The effects of a low-fat meal

First of all, yes, absolutely, the very-low-fat diets promoted years ago by groups like the American Heart Association (and Dean Ornish), have not stood the test of time. Think of eating a bowl of oatmeal plain or with just sugar. It’s low in calories and very high in carbohydrates, with almost no fat. First of all, you feel extremely full immediately after eating it. Then a couple of hours later you are ravenous, because the oatmeal carbs have been rapidly digested, and with the huge insulin surge you needed to process the carb spike, you now have lower blood glucose than you ever did before your breakfast. You are starving and proceed to overeat everything in sight, negating the low calorie content of the oatmeal itself. I once had a research subject who went clinically hypoglycemic, after eating a single bowl of oatmeal.
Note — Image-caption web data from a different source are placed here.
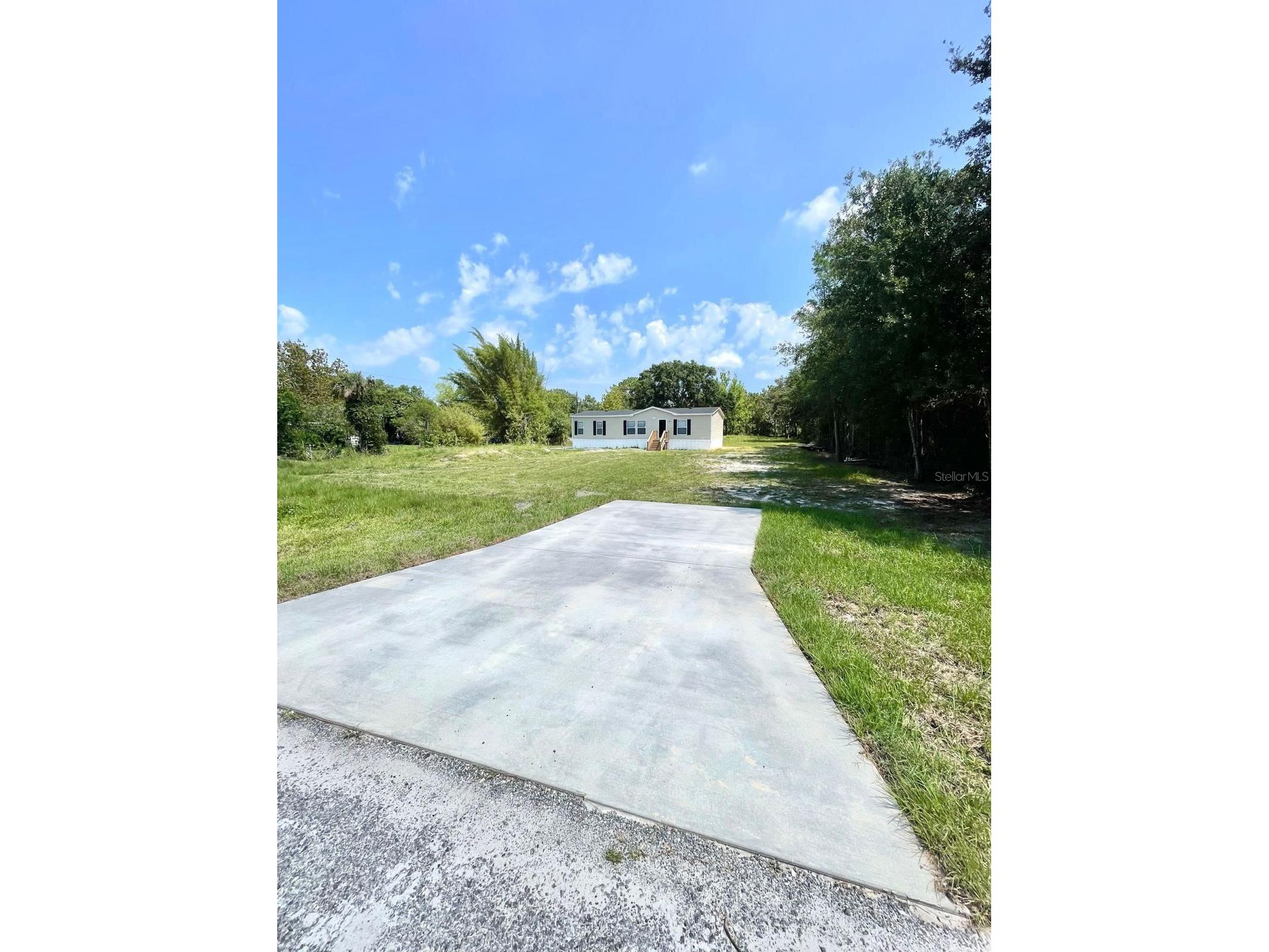 9295 Richmond Rd Road Saint Cloud FL 34773 S5141860 image2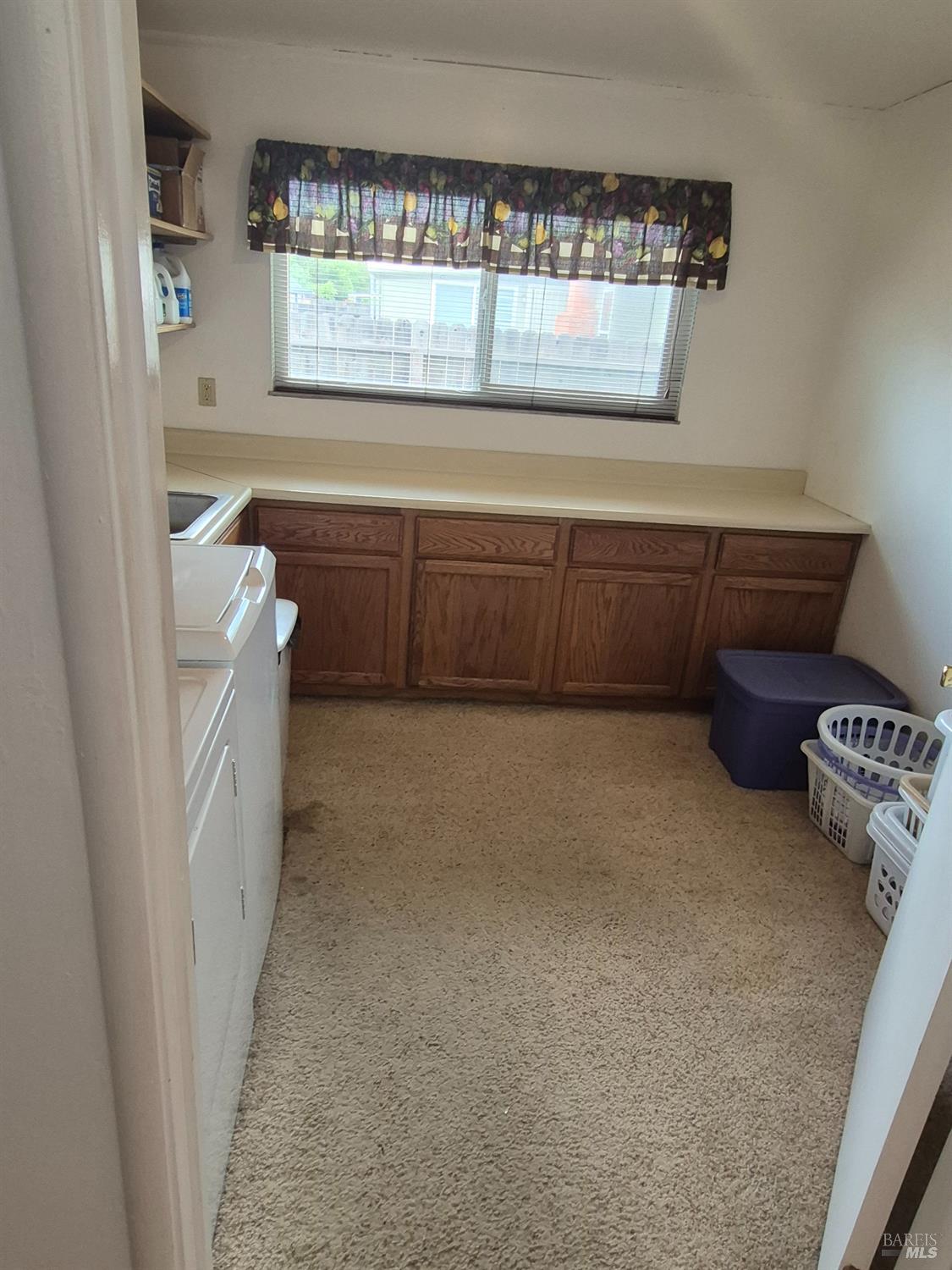 760 Normandy Court Fairfield CA 94533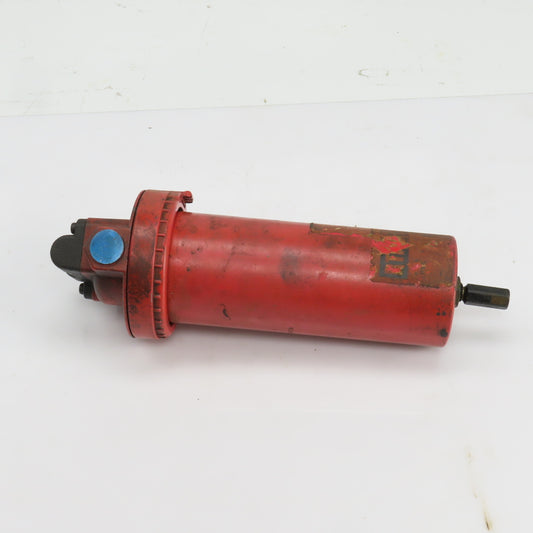 Eliminizer 3P-035-M03-FL Pneumatic Filter Dryer 3/8" Npt 200 PSI Automatic Float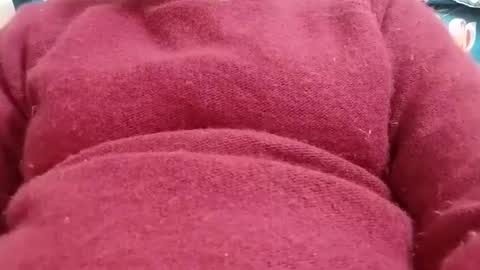 Snapshot of khushisinghh chatting on 19, 12, 2024 khushisinghh online show from 19, 12, 2024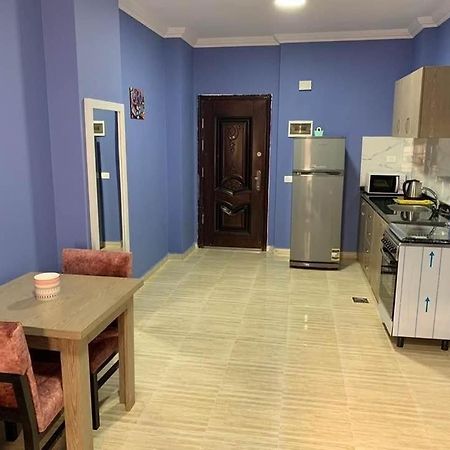 الغردقة Blue Diamond Resort المظهر الخارجي الصورة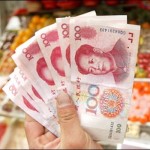 Как из России открыть счет в китайском банке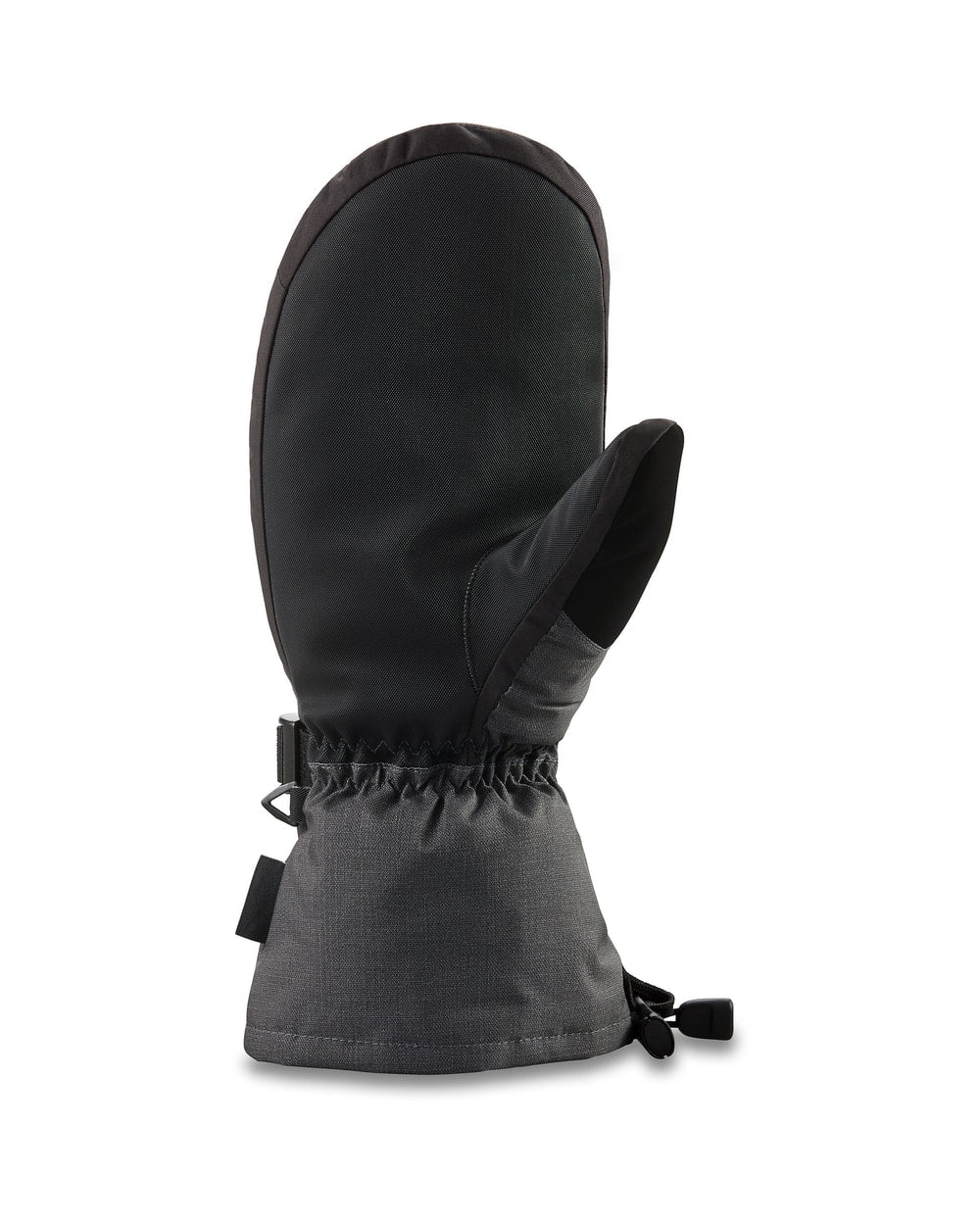 Men's Scout Mitt
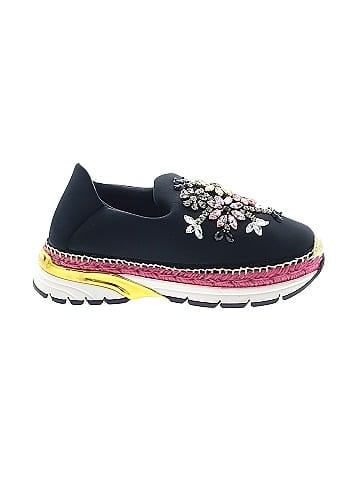 Dolce & Gabbana Sneakers (view 1)
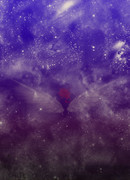 Артемий Ааронсон. Часть вторая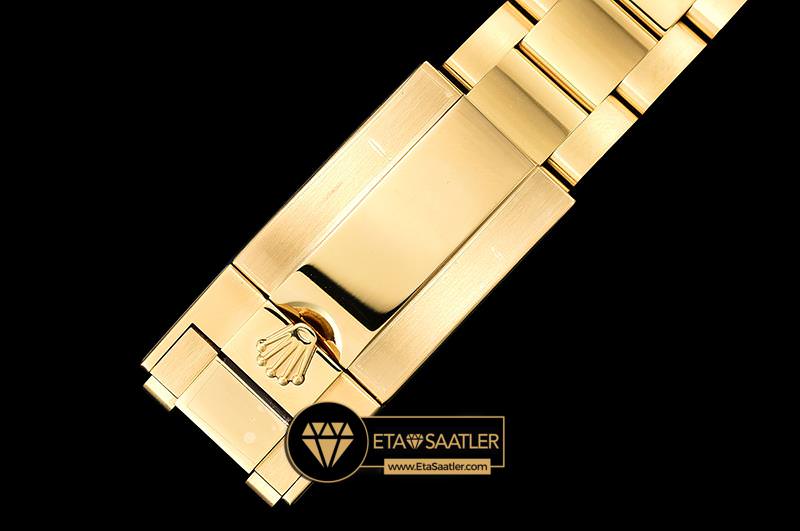 ROLYM134B - YachtMaster 116688 Blue YGYG White JF Asia 7750 Mod 14.jpg modelleri ROLYM134B - YachtMaster 116688 Blue YGYG White JF Asia 7750 Mod - 14.jpg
The consequences of a high-fat meal

But does that mean that very-high-fat foods — which have little effect on insulin and blood glucose — are good? Absolutely not! Think about eating a spread of full-fat cheese or a super-rich brownie. These fat-laden goodies are so calorie dense that you can eat an 800 calorie serving in a minute or less, without realizing it. And therein lies one of the problems with very-high-fat prescriptions — they pack so many calories into such a small space that you can eat way more than your body needs before you ever start to feel full. Another problem with very-high-fat meals is that they are naturally low in fiber, so they miss out on the important filling properties of this important hunger-moderating nutrient.

Diet extremes are neither natural nor helpful. Click To Tweet

Extremes are neither natural nor helpful

What this means is that, while shrill denouncements from the very-low-carb and the very-low-fat lobbies have some grains of truth in them, at the same time they are fundamentally unhelpful because they push us towards extreme diets when in fact a middle ground is the better place to be. Diets ranging from moderately-low to moderately-high carb, with due deference to the carbs being low GI and there being plentiful protein, fiber, and food volume via vegetable and fruit inclusion, take the best elements of both the high-fat and the high-carb camps without the disadvantages of either. Such diets are also more enjoyable (oatmeal with cream, or cheese with crackers are clearly better than when eaten alone!), adding a further justification to resisting the lure of unsustainable, extreme prescriptions.

I’m a rebel at heart, and to my mind, moderation is not a cool term — it sounds boring, and for that reason alone feels somehow less effective than extreme ways of eating that make you feel self-righteous for having suffered! But when it comes to looking after your weight, in fact a middle way is not just easier, it’s also more effective.